Анатолий Федорович Кони
НИКОЛАЙ II
СТАТЬИ О ГОСУДАРСТВЕННЫХ ДЕЯТЕЛЯХ
(Воспоминание)
Перебирая впечатления, оставленные во мне павшим так бесславно Николаем II и, быть может, обреченным на гибель, и воспоминания о его деятельности как человека и царя, я не могу согласиться ни с одним из господствующих о нем мнений.
По одним - это неразвитый, воспитанный и укрепившийся в безволии человек, соединявший упрямство с привлекательностью в обращении: "un charmeur" [очарователь (фр.)]. По другим - коварный и лживый византиец, признающий только интересы своей семьи и их эгоистически оберегающий, человек недалекий по кругозору, неумный и необразованный.
Большая часть этих определений неверна.
Умно и даже трогательно написанный отказ от престола, почему-то адресованный начальнику штаба, и мои личные беседы с царем убеждают меня в том, что это человек несомненно умный, если только не считать высшим развитием ума разум как способность обнимать всю совокупность явлений и условий, а не развивать только свою мысль в одном исключительном направлении.
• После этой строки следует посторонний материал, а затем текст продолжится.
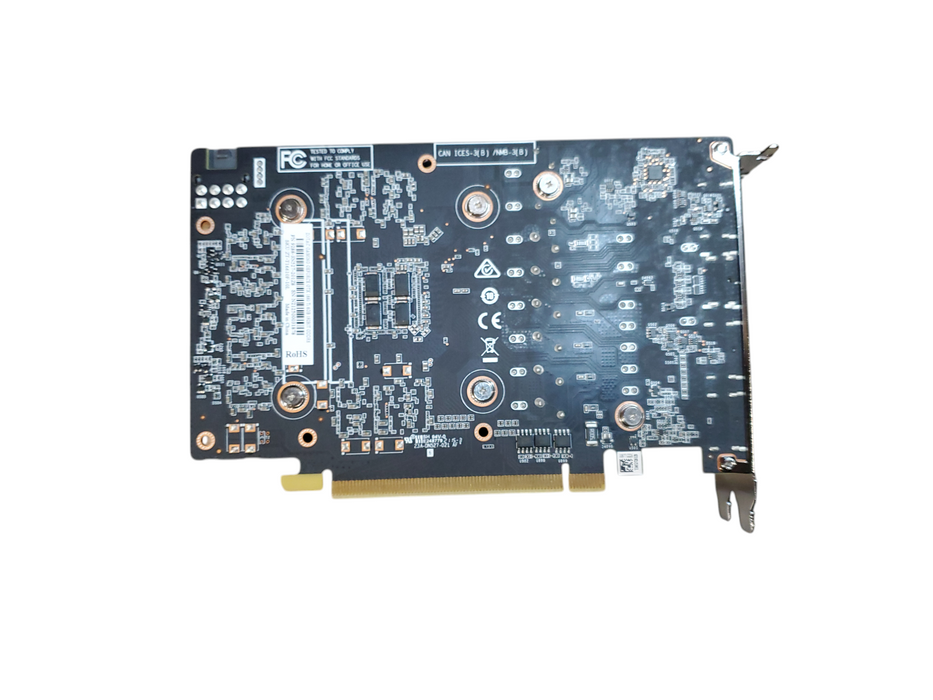 ZOTAC GAMING GeForce GTX 1660 Ti 6GB GDDR6 Graphics Card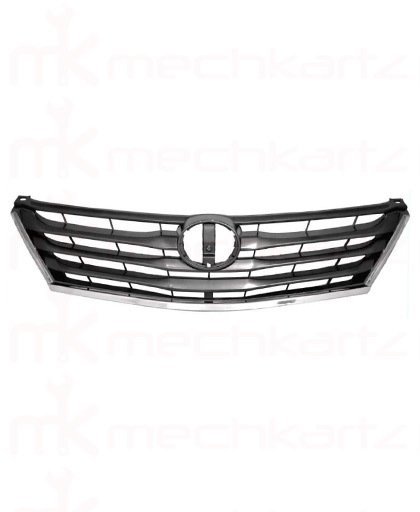 Toyota Innova Type 3 Half Chrome Front Grill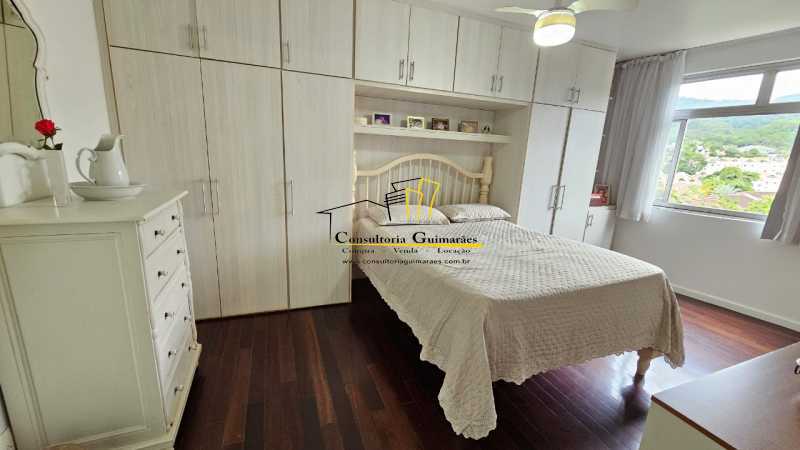 Apartamento à venda com 4 quartos, 150m² - Foto 21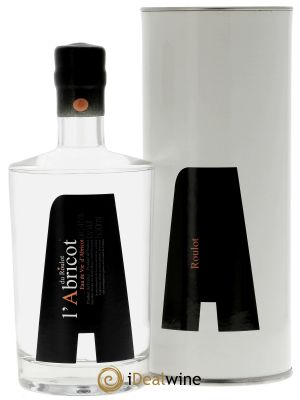 Eau de vie l'Abricot Roulot (Domaine) (50cl)  - Lot of 1 Bottle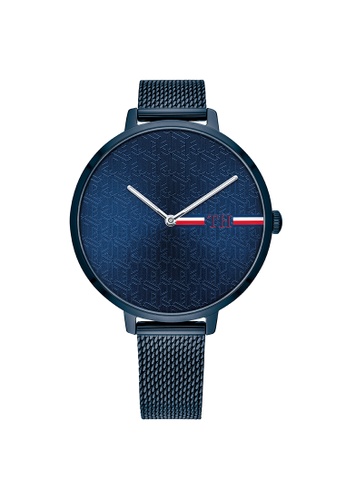 Buy Tommy Hilfiger Watches Tommy Navy Women's Watch (1782159) 2021 Online | ZALORA Singapore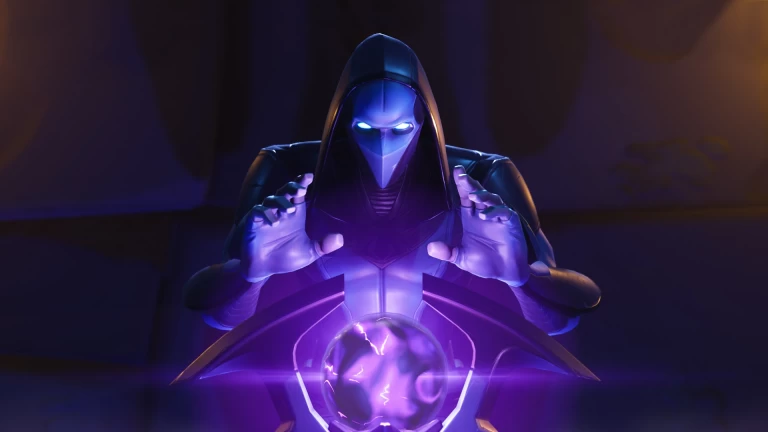 Descargar Augurio Fortnite Wallpaper 4k 1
Можно сказать, что из пяти стадий мыслительной способности человека: инстинкта, рассудка, ума, разума и гения, он обладал лишь средним и, быть может, бессознательно первым. Точно так же он не был ограничен и необразован. Я лично видел у него на письменном столе номер "Вестника Европы", заложенный посредине разрезкой, а в беседе он проявлял такой интерес к литературе, искусству и даже науке и знакомство с выдающимися в них явлениями, что встречи с ним, как с полковником Романовым, в повседневной жизни могли быть не лишены живого интереса. Если считать безусловное подчинение жене и пребывание под ее немецким башмаком семейным достоинством, то он им, конечно, обладал.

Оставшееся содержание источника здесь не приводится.